Those glitches came back into the public eye when officials admitted to losing a call that could have potentially saved the life of four-year-old Ariel Russo, who was struck by a car in Manhattan on June 4.
In released internal email exchange between EMS workers days after the accident, they wrote that roughly one-third of all incidents transmitted from I/CAD were either lost or transmitted without complete addresses.
One of the emails was sent by Lt. Carl Nunziata, an overnight shift boss who was contracting Clara Muprhy, head of computer programming for EMS.
He wrote, “Why are these jobs coming in this way and what are we supposed to do with these type of jobs?”
The new system is responsible for processing and sending out roughly 3,000 emergency crews a day.
“We need to know when they call 911, help is on the way,” said Councilwoman Elizabeth Crowley. “There are serious concerns about the city’s 911 upgrade, and New Yorkers deserve the truth about the system and how the administration is working to improve it.”
Crowley sent a letter to Deputy Mayor Cas Holloway requesting a face-to-face meeting with him to discuss the issue.
Following Susperstorm Sandy, Crowley grilled Holloway about incidents where emergency crews were sent to the wrong addresses.
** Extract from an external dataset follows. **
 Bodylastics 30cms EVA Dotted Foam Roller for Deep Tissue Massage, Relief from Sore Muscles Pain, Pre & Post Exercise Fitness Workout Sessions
Holloway responded that the system is functional, however it became inundated with phone calls making it difficult to keep track of the information.
Mayor Michael Bloomberg has also been an advocate of the system, claiming that while it has “bugs” it works.
“We need to get to the bottom of this immediately,” said Public Advocate Bill de Blasio after the emails were mad public. “City Hall, NYPD and the FDNY have denied problems every step of the way, and we cannot expect their own investigation to unearth truth.”